What is called "Statistical Learning Theory" is probably the most well-defined part of learning theory, as it is based on a mathematically sound framework. But unfortunately, not all learning problems can be studied in this framework, so there is room for either a broader framework, or other complementary theories.
Of course, it is rarely the case that the framework comes before the results: usually people produce research papers proving some results in some setting and ultimately, a bunch of such papers forms a theory (after many people read them, digest them and try to get the main elements out of them).
Moreover, it is probably a waste of time to try and argue which existing results are or are not learning theory results.
So some questions arise
- Why do we need to define learning theory?
- What do we expect from such a theory?
- Assuming we want to do it, what are the first steps to take?
Here are some possible answers
- Defining learning theory would, firstly allow the gathering and unification of the existing results and secondly allow to identify the remaining open questions this theory should address.

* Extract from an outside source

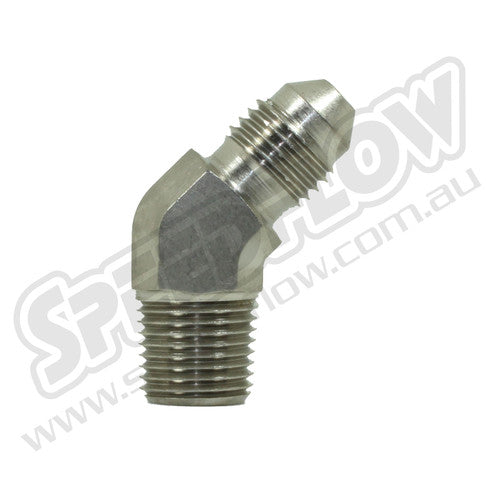 Speedflow -03 Male To 1/8_NPT Male 45°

- Ideally, such a theory should allow to build better learning machines. In the case this is not possible, it should at least allow to understand why this is the case.

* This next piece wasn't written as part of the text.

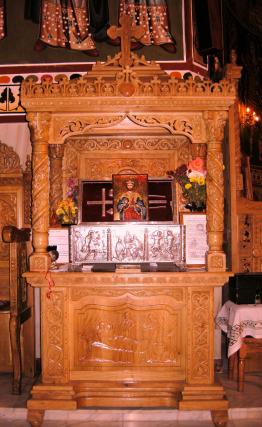 Moaștele Sfântului Emilian de la Durostor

- The first steps could be to classify existing models of learning and extract their commonalities.
Here are some constraints one should have in mind:
- A theory is merely a formal representation (or model), of some "real" phenomenon. As such, it has limitations partly due to the necessary simplifications it introduces.
- Within a theory, equally important are positive and negative results. In other words, the limits of the theory should be clear and impossibility results should be produced to investigate these limits.
- Predictions made by a theory should be testable (this in connected to Popper's falsifiability).
The last point is probably the most important, but also the one that is most subject to controversy. Indeed, testing predictions is somewhat possible for theories about natural phenomena (Physics mainly), but, in the case of learning, the goal is not necessarily to build a theory that accounts for the forms of learning (animal or human) that we observe in Nature, but rather to build some kind of "general" theory of learning. Hence testability may become an issue. In a way, similar issues are encountered with probability theory: is this a theory about natural phenomena? can its predictions be tested?
Answering these questions requires to build some kind of connection between the abstract concepts of the theory and a concrete interpretation of it. Since this is still being debated for probability theory, it is probably far to be resolved for learning theory...